++++ DATA LISTING ++++
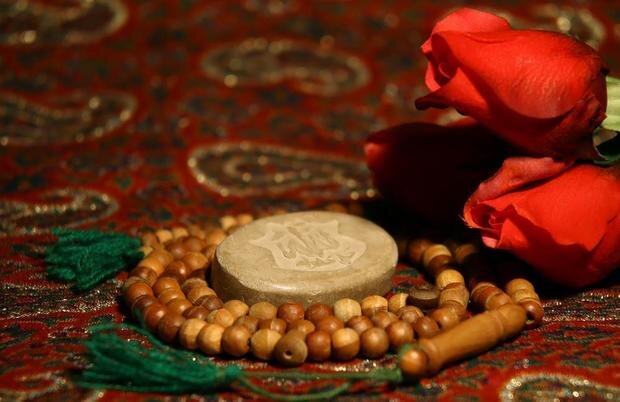 دو رکعت نمازی که هفتاد هزار گناه را می‌بخشد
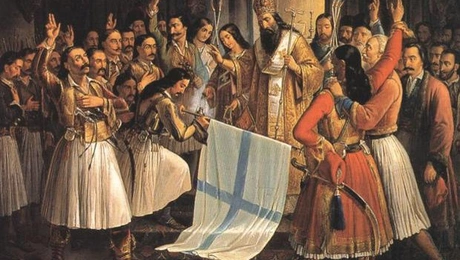 1821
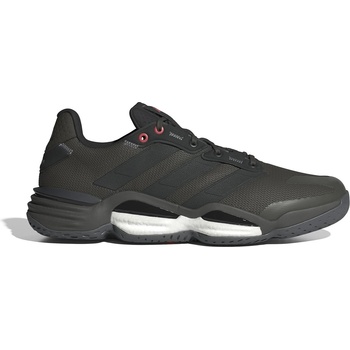 Image 1 of Adidas Мъжки обувки Adidas Stabil 16 Indoor Handball Shoes Mens - SHAOLI/CBLACK/G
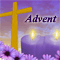 Have A Happy Advent.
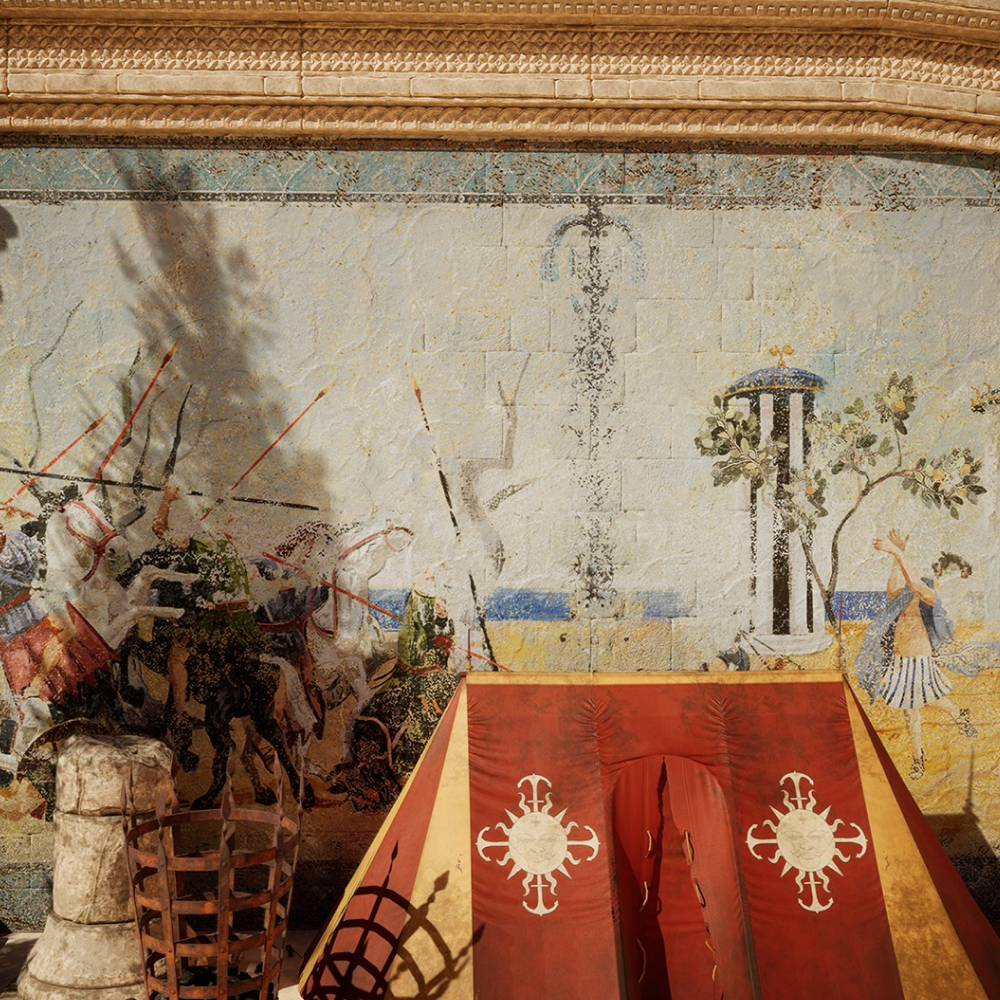 screenshot_Enotria The Last Song
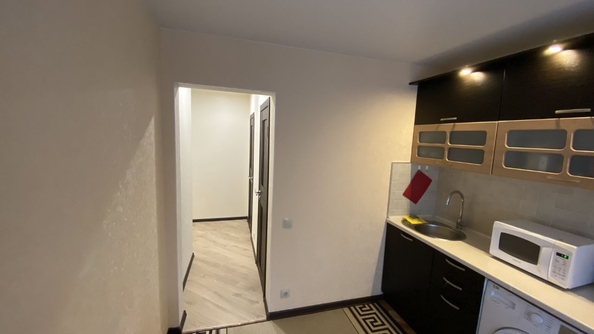
  Продается 1-комн. квартира 38 м². Фото 7.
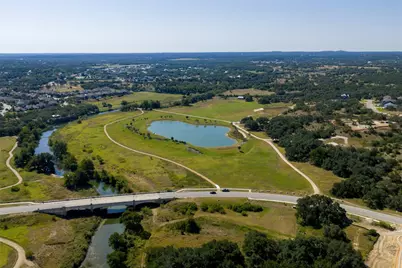 279 Fish Trap Road, Dripping Springs, TX 78620 - Photo 39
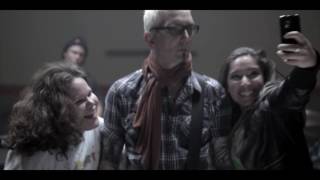Everclear - Be Careful What You Ask For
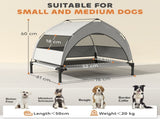 Dog House 72656521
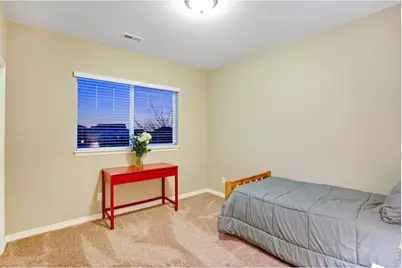 5728 Connor St, Timnath, CO 80547 - Photo 34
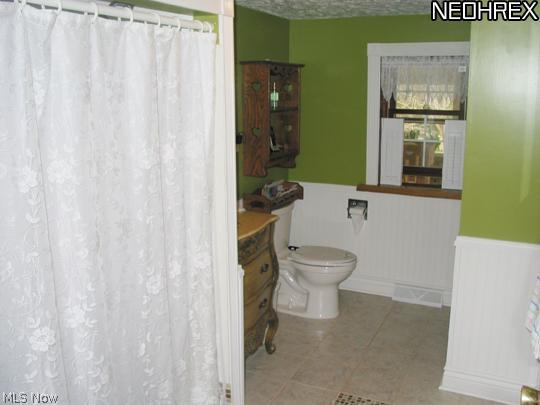 6881 Lowmiller Road Minerva, OH 44657 - Photo 7 of 10 Gallery Image 7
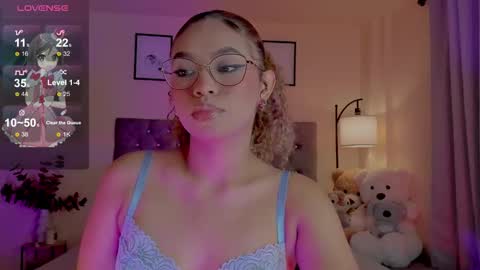 camila online show from 02.17.26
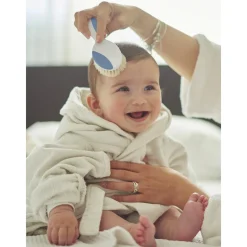 Bambino Nuvita beauty set per la cura del bambino – 1146 powder blu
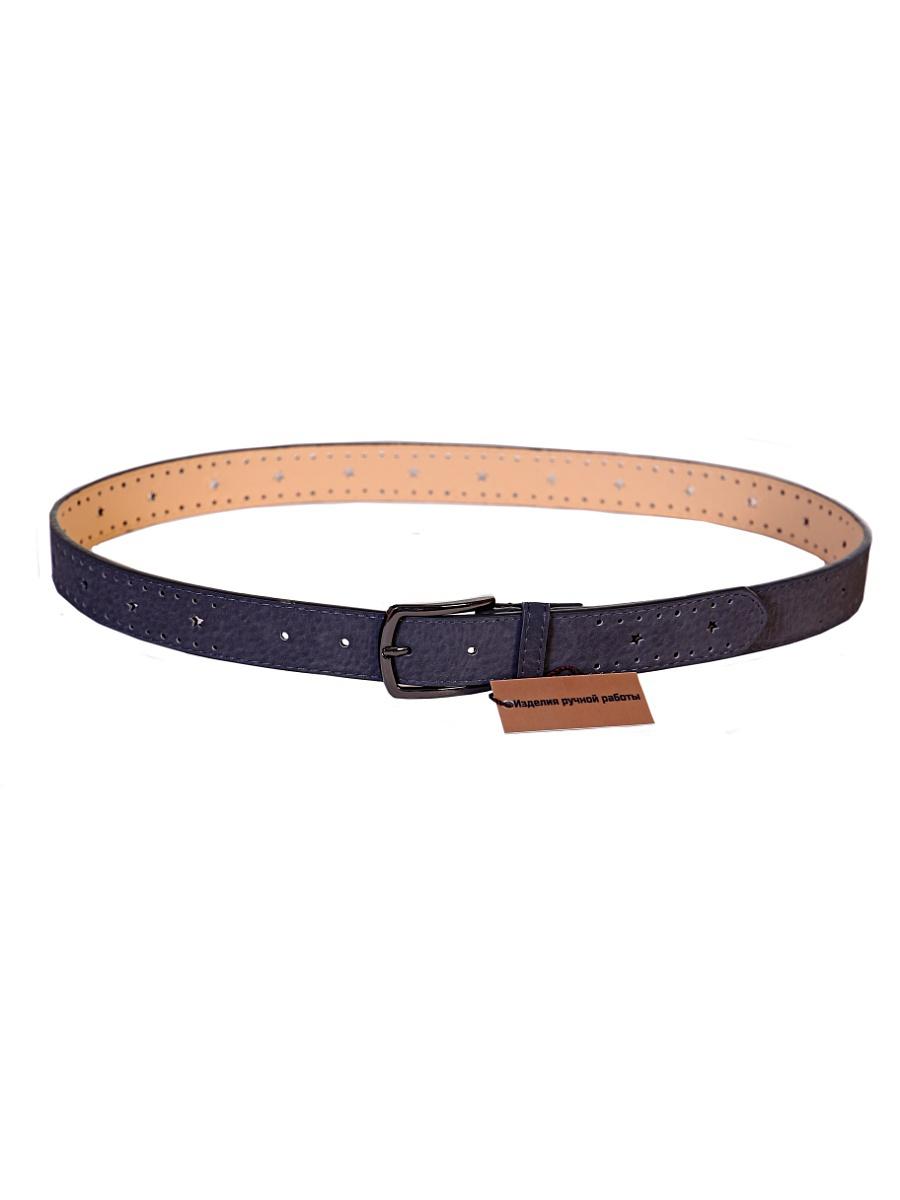 Ремень DANY DESENA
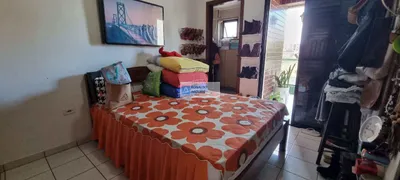 Apartamento com 2 Quartos à venda, 75m² no Vila Tupi, Praia Grande - Foto 17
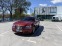Обява за продажба на Chrysler 300c 3.6 AWD ~25 999 лв. - изображение 1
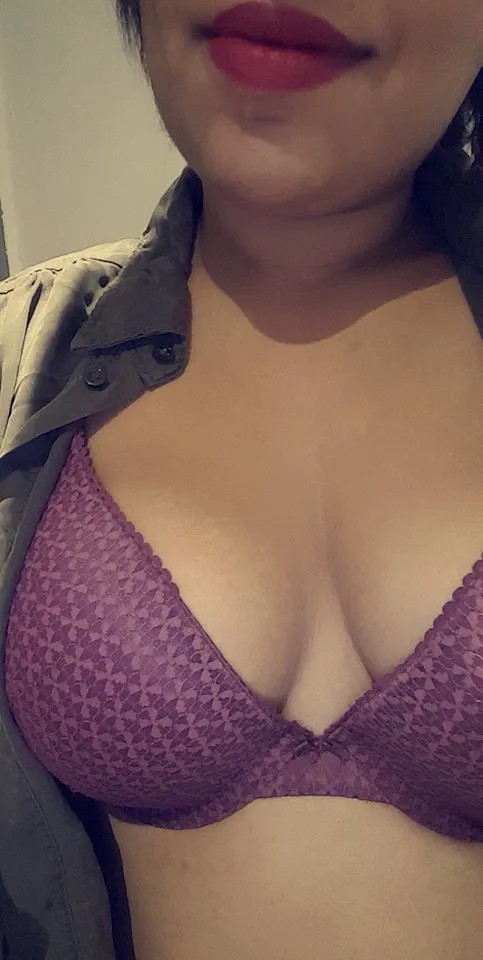 Sabrina, 33 anni — incontri sesso a Quarto Oggiaro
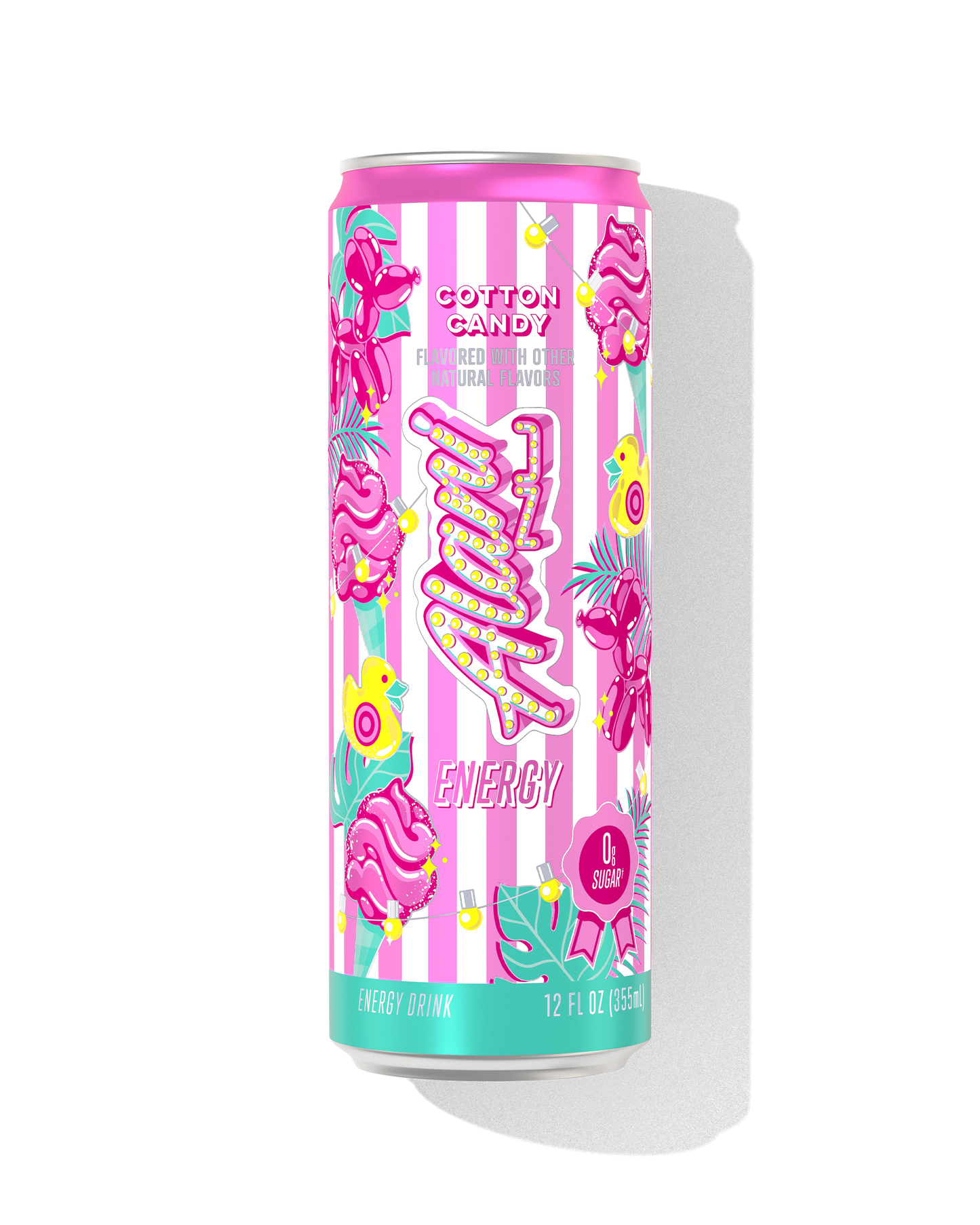 energy-drink-cotton-candy-12-pack-g6 Stretch_AN-Website-12oz-PDP-CTC-01_V1.png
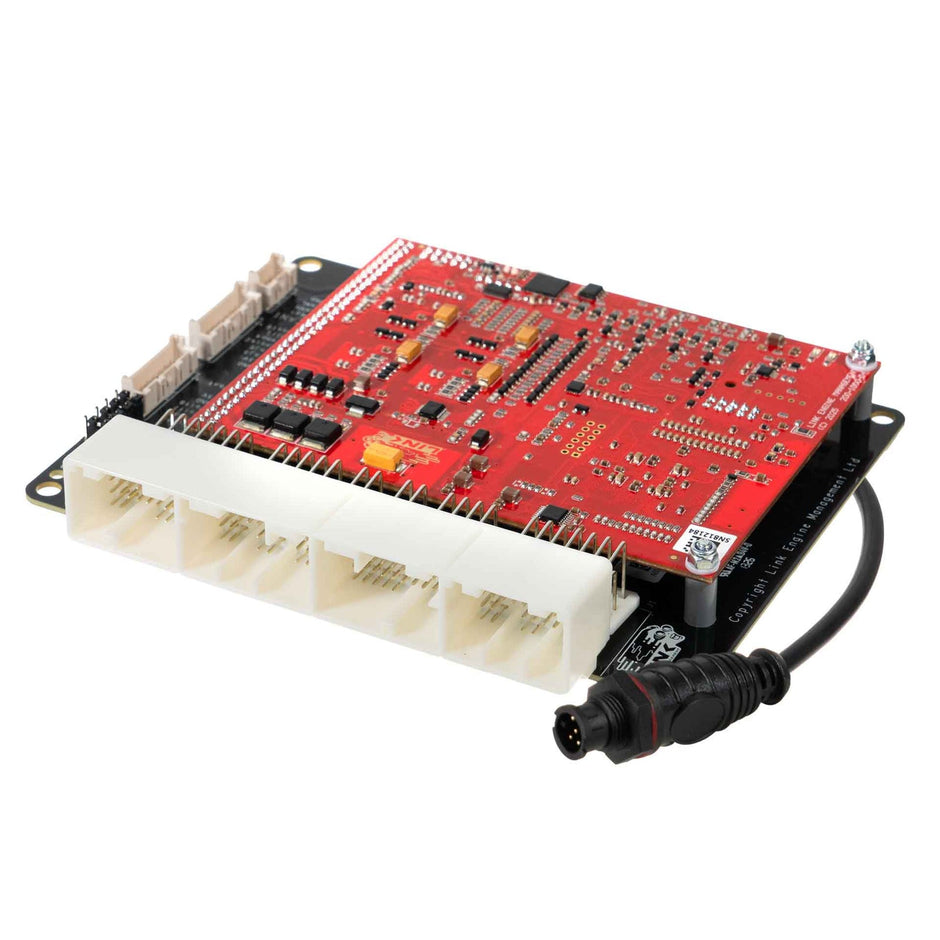 Link WRXLink V11 - WRX11X - 238-4000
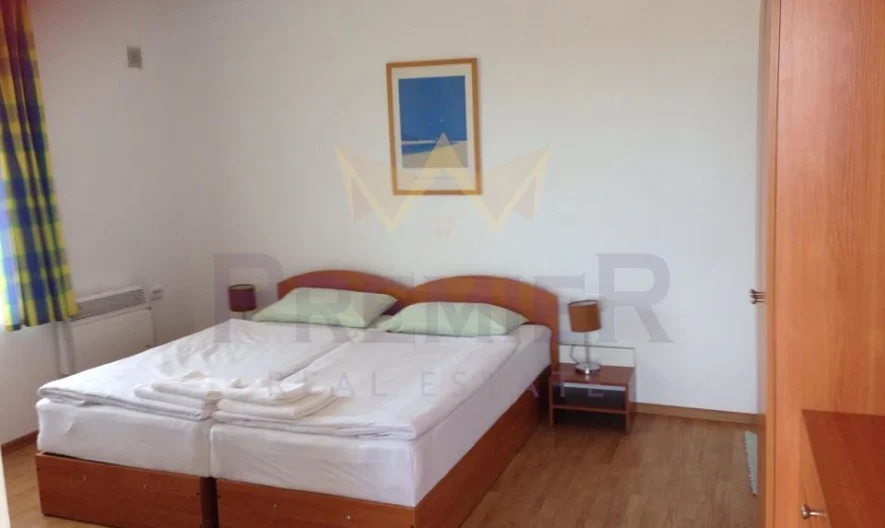 Haus im Dorf Bozhurets, Gebiet Dobrich - - snimka 8 - Imoti Premier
++++
## WORK REQUEST
Leave the images behind and write out every entry exactly.

## SOLUTION TO THE EXERCISE
 دو رکعت نمازی که هفتاد هزار گناه را می‌بخشد
 1821
 Image 1 of Adidas Мъжки обувки Adidas Stabil 16 Indoor Handball Shoes Mens - SHAOLI/CBLACK/G
 Have A Happy Advent.
 screenshot_Enotria The Last Song
  Продается 1-комн. квартира 38 м². Фото 7.
 279 Fish Trap Road, Dripping Springs, TX 78620 - Photo 39
Everclear - Be Careful What You Ask For
 Dog House 72656521
 5728 Connor St, Timnath, CO 80547 - Photo 34
 6881 Lowmiller Road Minerva, OH 44657 - Photo 7 of 10 Gallery Image 7
 camila online show from 02.17.26
 Bambino Nuvita beauty set per la cura del bambino – 1146 powder blu
 Ремень DANY DESENA
 Apartamento com 2 Quartos à venda, 75m² no Vila Tupi, Praia Grande - Foto 17
Обява за продажба на Chrysler 300c 3.6 AWD ~25 999 лв. - изображение 1
 Sabrina, 33 anni — incontri sesso a Quarto Oggiaro
 energy-drink-cotton-candy-12-pack-g6 Stretch_AN-Website-12oz-PDP-CTC-01_V1.png
 Link WRXLink V11 - WRX11X - 238-4000
 Haus im Dorf Bozhurets, Gebiet Dobrich - - snimka 8 - Imoti Premier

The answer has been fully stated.